Louis XIV établit dans ses mémoires que cet acte de vigueur, rehaussé aux yeux des peuples par le mystère profond qui l’avait enveloppé, fut accueilli avec des applaudissemens unanimes. Cette adhésion générale n’est pas contestable; l’impression s’en retrouve jusque dans les mémoires contemporains les plus favorables au surintendant. Soumise depuis la paix aux dernières épreuves de la disette, la nation, qui avait vainement attendu de la fin de la guerre quelque allégement à ses douleurs, les imputait tout entières aux dilapidations de Fouquet, lorsqu’il aurait fallu, pour les comprendre et surtout pour les guérir, remonter jusqu’à l’administration meurtrière dont tout l’art consistait alors à paralyser l’agriculture française en imposant les instrumens nécessaires du travail, en même temps qu’elle arrêtait la circulation de ses produits par des entraves désastreuses. Fouquet, que les salons de Paris allaient bientôt transformer en victime, ne fut au jour de son emprisonnement, pour le pays tout entier, qu’un voleur effronté frappé par la justice royale. Le crime d’état ne préoccupait encore personne; ce que poursuivait la colère publique, c’était le vol aggravé par le scandale. Dans sa périlleuse translation du château d’Angers au donjon de Vincennes, le prisonnier avait pu recueillir des témoignages non équivoques de l’indignation populaire. Si une juste condamnation avait alors frappé le dépositaire infidèle de la fortune publique dans ses richesses et dans sa liberté sans menacer ses jours, que la nature de ce crime ne semblait pas pouvoir compromettre, l’on aurait universellement applaudi à un châtiment proportionné au délit lui-même. Le sentiment public ne se modifia d’une manière de plus en plus sensible durant les trois années de cette procédure que parce que les incidens du débat ne tardèrent pas à lui donner une autre physionomie en faisant prédominer la question politique sur la question financière.

Lorsque la saisie des papiers de Saint-Mandé eut mis le crime de haute trahison sur le premier plan dans les délibérations de la chambre de justice à laquelle avait été commis le sort de l’accusé, l’opinion, qui acceptait pleinement d’avance toutes les conséquences pénales qu’auraient entraînées la concussion et le dol, ne put s’empêcher de traiter légèrement une accusation si imprévue, et le public se prit à l’apprécier bien moins d’après des pièces qu’il récusait comme suspectes que d’après les impossibilités manifestes qu’aurait rencontrées l’application d’un plan inoffensif à force d’être chimérique.
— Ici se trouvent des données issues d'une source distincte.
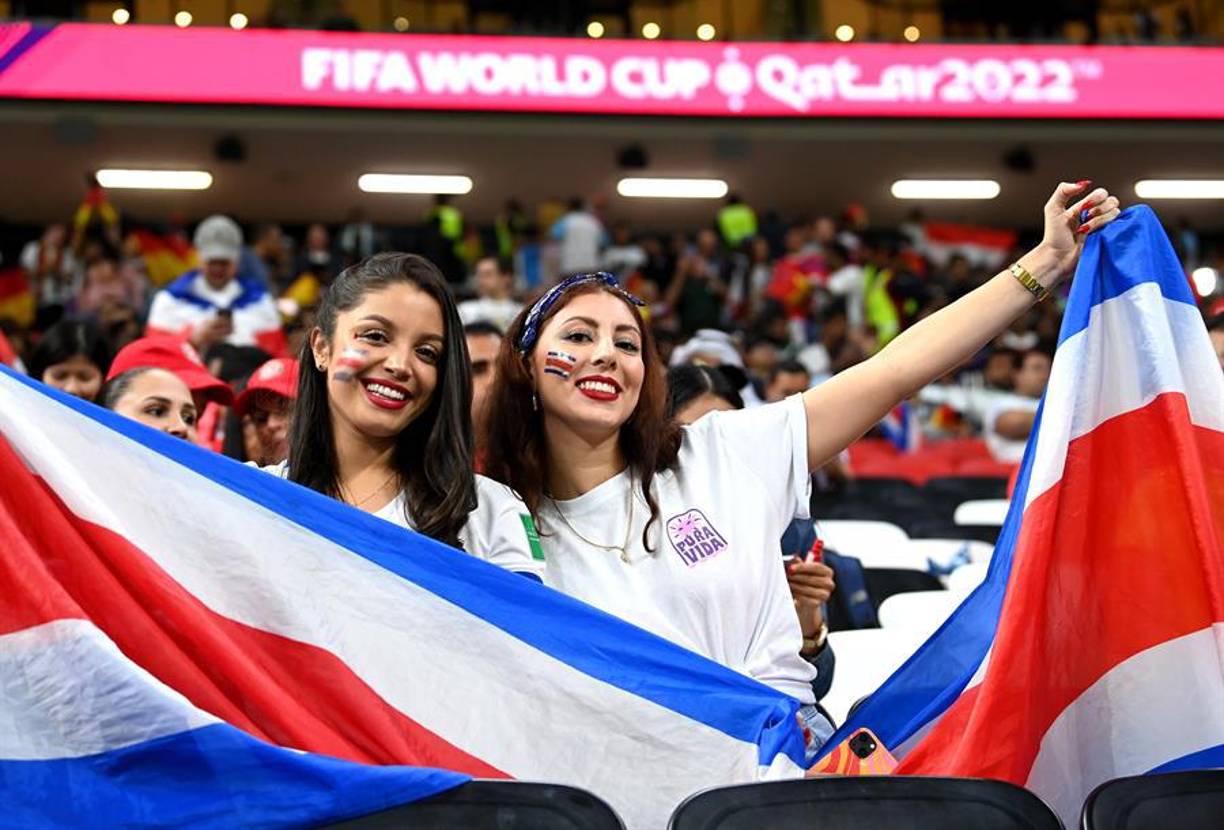 Así está el ambiente en el Estadio Al Bayt de Qatar para presenciar el duelo entre Costa Rica y Alemania.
Paris, déjà travaillé par les nombreux amis et pensionnaires du surintendant, fatigué d’ailleurs des longues formalités d’une procédure habilement arrêtée à chaque pas par les déclinatoires de l’accusé, ne tarda point à penser qu’il serait inique de faire tomber la tête d’un homme pour des projets qui, fussent-ils réels, méritaient de se dénouer à Charenton et non en place de Grève. Admettre que Nicolas Fouquet eût songé à entrer en campagne contre le roi Louis XIV, résolution insensée que ses amis, relevés de leur premier abattement, persistaient d’ailleurs à nier, cela répugnait profondément à la conscience publique. La chose était en effet plus vraie qu’elle n’était vraisemblable, et la vraisemblance saisit toujours l’opinion bien plus que la vérité.
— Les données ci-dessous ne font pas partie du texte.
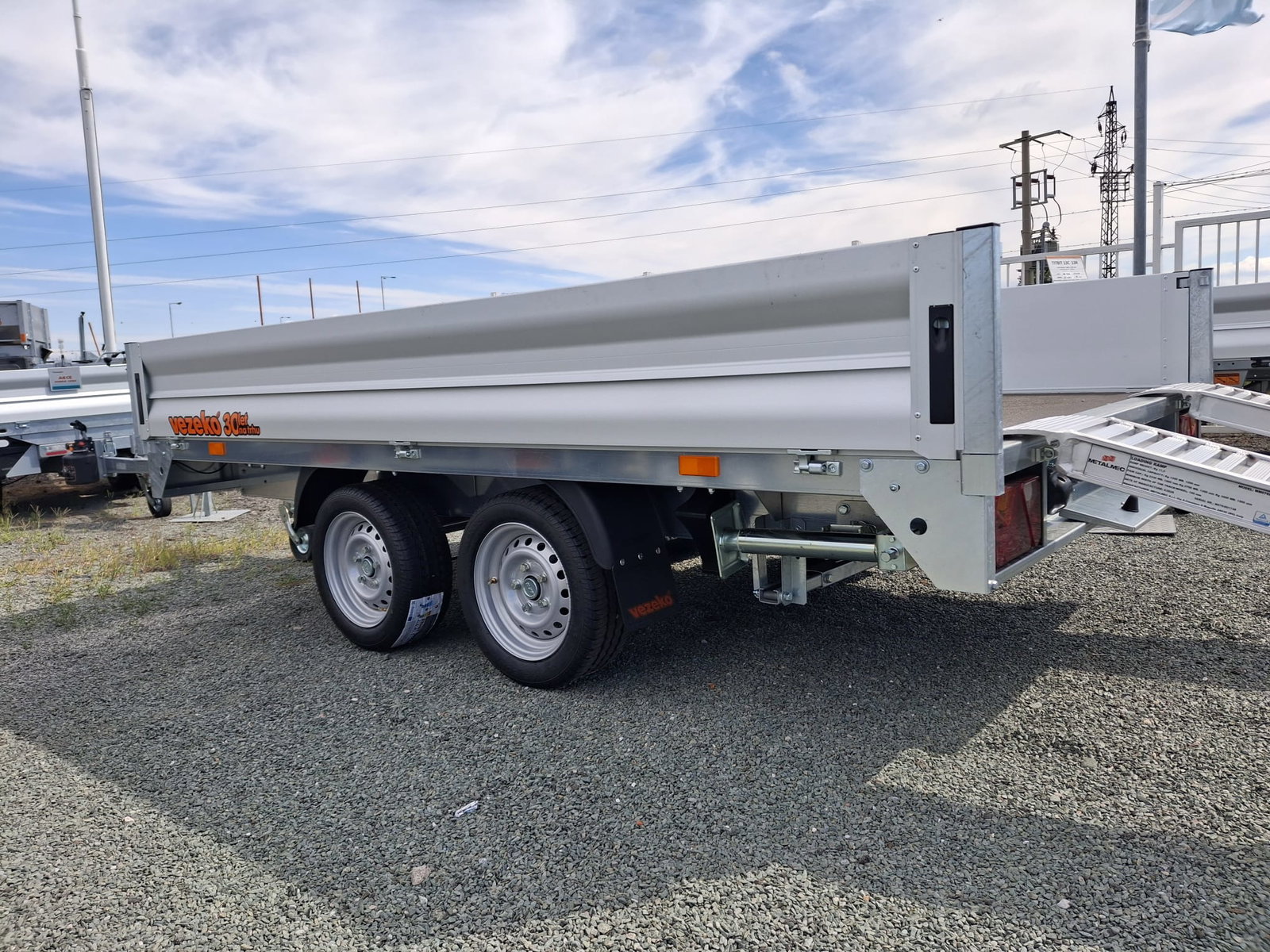 CARGO LIGHT D 27.3 195_50 R13C_120.jpeg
La pression exercée sur les magistrats par le roi en personne pour leur dicter un arrêt de mort que la foi dans son droit lui faisait estimer nécessaire, le courant chaque jour grossi des bruits favorables et des anecdotes émouvantes vinrent éveiller une dernière lueur d’indépendance au sein de la génération qui avait fait la fronde et vu naître le jansénisme. Cette génération n’avait pas encore abdiqué ses souvenirs, subi le joug de la discipline monarchique et emboîté le pas derrière Bossuet et Racine. Chez les parlementaires du Marais et dans les hôtels littéraires de la Place-Royale où, sous le patronage de la beauté, le bel esprit s’essayait à une lutte dernière contre la puissance politique, l’on pouvait entendre encore quelques mots d’une langue oubliée, et Fouquet, quoiqu’il eût été l’un des ennemis les plus persévérans de la fronde militante, se trouva tout à coup adopté avec passion par la petite fronde des salons, qui, après avoir mené à bonne fin l’œuvre fort louable de sauver la tête du surintendant, accomplit, avec un succès plus durable qu’il n’était naturel de le prévoir, la tâche de grandir son rôle et de tromper la postérité.
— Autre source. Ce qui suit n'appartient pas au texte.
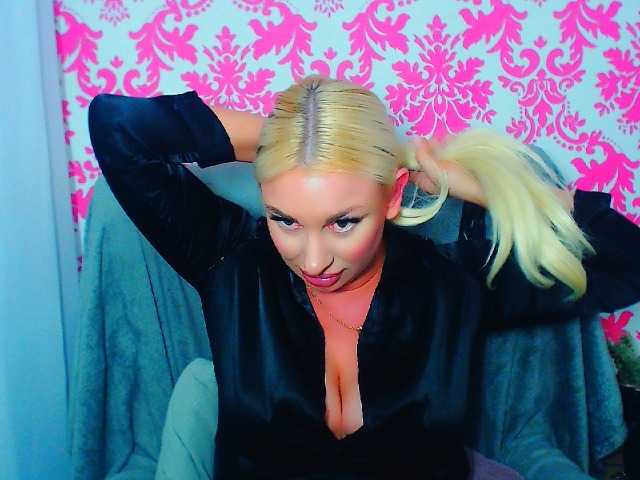 BlondAna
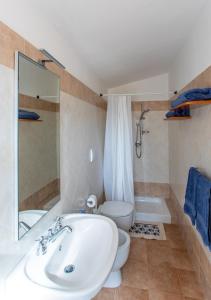 y baño con bañera, aseo y lavamanos. en Casa Alessia en Porto Santo Stefano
Dans les sociétés polies, la puissance des coteries politiques et littéraires se mesure presque toujours à celle qu’y exerce l’esprit lui-même; mais à l’avantage de stimuler l’intelligence les coteries joignent trop souvent l’inconvénient de lui enlever son originalité propre, et de la fausser dans les questions où les personnes sont plus en jeu que les choses. Si les hommes qui vivent en dehors d’elles, soit indifférence du succès, soit respect d’eux-mêmes, les rencontrent devant eux comme des barrières parfois infranchissables, ceux dont elles font pousser la renommée en serre chaude y perdent leur physionomie native, et revêtent sous le souffle des passions qui les gonflent en les transformant des proportions démesurées qu’il faut envisager comme l’une des plus sérieuses difficultés de l’histoire.

La coterie des beaux esprits, celle des frondeurs incorrigibles à la manière du duc de La Rochefoucauld et du docteur Gui Patin, adoptèrent donc Fouquet avec une ardeur dans laquelle entraient pour les uns d’honorables affections personnelles, pour les autres des ressentimens rendus plus vifs encore par l’impuissance. Pussort, Berryer, Sainte-Hélène, et tous les membres de la chambre qui, sur le chef du crime d’état, maintinrent un avis trop rigoureux à coup sûr, quoique légal, tous ces magistrats, qui n’étaient probablement que d’ardens royalistes, furent présentés au public comme des juges prévaricateurs. L’accusé, qui s’éleva d’ailleurs à la hauteur de son infortune en rencontrant tout à coup des inspirations d’honnêteté et de prudence dont il avait manqué si longtemps, l’accusé, pour lequel on avait commencé par réclamer la clémence, fut bientôt présenté comme l’intéressante victime d’une odieuse iniquité. Les écrivains et les femmes, les salons et l’Académie se donnèrent pour la dernière fois, durant le cours du grand règne, le plaisir d’accomplir un acte d’opposition. Du sein de l’exultation bruyante provoquée par l’arrêt qui lui sauva la vie, la mémoire de Fouquet sortit bientôt singulièrement transfigurée. Ses enfans profitèrent de ce long engouement au point de se voir presque égalés à des princes du sang en puissance et en richesse, à ce point que Saint-Simon a pu dire qu’on s’était étudié à « faire au fils de Fouquet un apanage comme à un fils de France. » Quant à l’histoire, au lieu d’un brillant étourdi, sans esprit politique, auquel la vanité avait tourné la tête, on lui présenta un grand homme d’état méconnu, expiant sous les verrous une supériorité qui avait offusqué Louis XIV.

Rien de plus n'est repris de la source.